As humans we are very skilled at gaining new skills based on what we already learned in the past, we’re quite good at generalizing our knowledge to use in new tasks. But we definitely also have our weaknesses, like we are unable to memorize and process huge amounts of information. That is why we try to program computers to perform these kind of tasks for us. Even though computers have some clear advantages versus humans, it can be difficult to make a computer smart enough to win against a human expert in decision making situations like playing games. In 1996, for the first time, a computer was able to defeat a grandmaster in chess; Kasparov. The computer was able to defeat Kasparov by computing every possible move until there are no more possibilities. This took enormous computing power, but the progress in playing games didn’t end here. Between 2016 and 2019 Computer Algorithms learned to defeat human experts in Go and Chess with a lot less computing power needed. The acceleration in this technology has only grown in the last years with day-to-day implementations such as self-driving cars, robotics and complex strategic games such as Starcraft II and No Limit Holdem Poker. You might wonder how they did this. Well, remember Reinforcement Learning?
Introduction to Reinforcement Learning
When working on trying to defeat the grandmaster of chess, it was quickly recognized that computing all the possible solutions and choosing the best solution is not a very efficient way to play (and win) a game. Reinforcement Learning came to the stage and very soon was able to prove its effectivity when it comes to playing, and winning, games. With Reinforcement Learning the computer learns to make optimal decisions for the future.
The process of Reinforcement Learning looks like this:
In Reinforcement Learning the computer (agent) takes actions within a given set of rules and possibilities (environment). Actions can lead to a positive encouragement (rewards) or negative encouragement (punishments). By taking an action, the agent is moving from one situation (state) to the next. Moreover, the environment holds, in case of chess, the rules of the game like physical size of the board and possible steps per type of piece. In Reinforcement Learning it’s about taking the best possible action or path to gain maximum rewards and minimum punishment in the future through observations in a specific situation.

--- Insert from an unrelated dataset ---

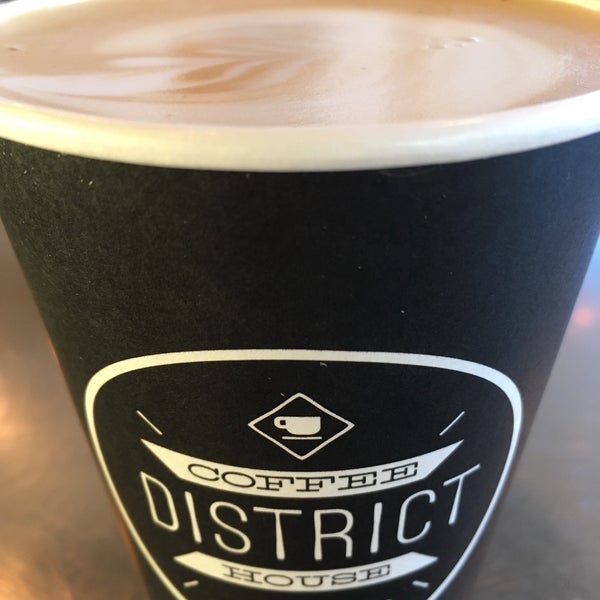 Foto tirada no(a) The District Coffee House por Jeff D. em 3/3/2019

In the chess game the state of the game would be the situation on the chess board, meaning where each piece is located on the board. This state gives us a possible action space for each piece, meaning all the possible actions at that moment for each piece on the board, of course keeping in mind the rules of the chess game. When the agent (player) moves a piece, the games reaches a new state. Which also means the possible actions for each piece on the board might change as well. Just like when we play chess ourselves, before the computer decides which move to make, it tries to predict what would be the most valuable move, i.e. which move would lead to winning the game as fast as possible.

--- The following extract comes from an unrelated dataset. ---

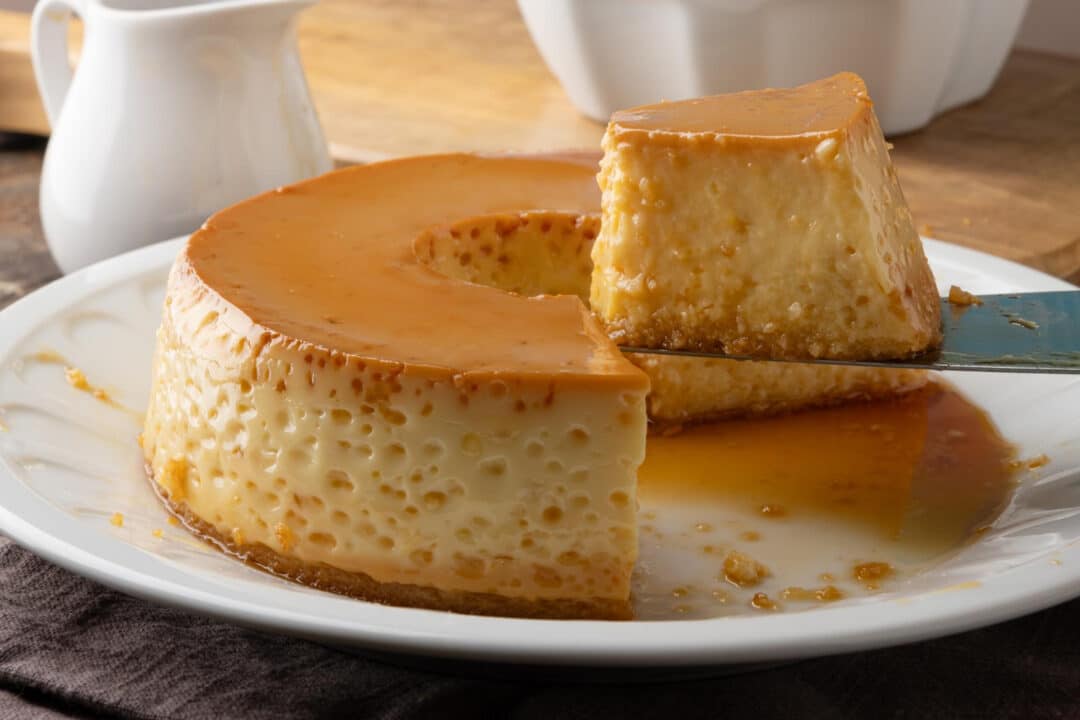 Receita de Pudim de Pão Amanhecido com Leite Condensado: Aproveite Pães e Crie uma Sobremesa Incrível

Let’s see how this would work for chess. The first image shows the start of the game, the first state, for the knight we show its actionspace, but of course each piece of the board has its own. Let’s assume the agent decides to move the knight. Leading to the second image, and second state, of the game. Also meaning the knight, and other pieces, have an updated actionspace.
Of course, at the beginning of a game it can be quite difficult to predict which move would be the most valuable, but as the game progresses, this is becoming more and more clear and easier to predict. Something every chess player will recognize.
In Reinforcement Learning, the agent starts learning by using trial and error. It remembers which moves were made, how long the game lasted and what the outcome was. Like for ourselves, the more we play, the better we know what a good next move would be, giving the current state of the game. But unlike us, a computer can play games at ligthning speed and has a huge memory to remember every little detail.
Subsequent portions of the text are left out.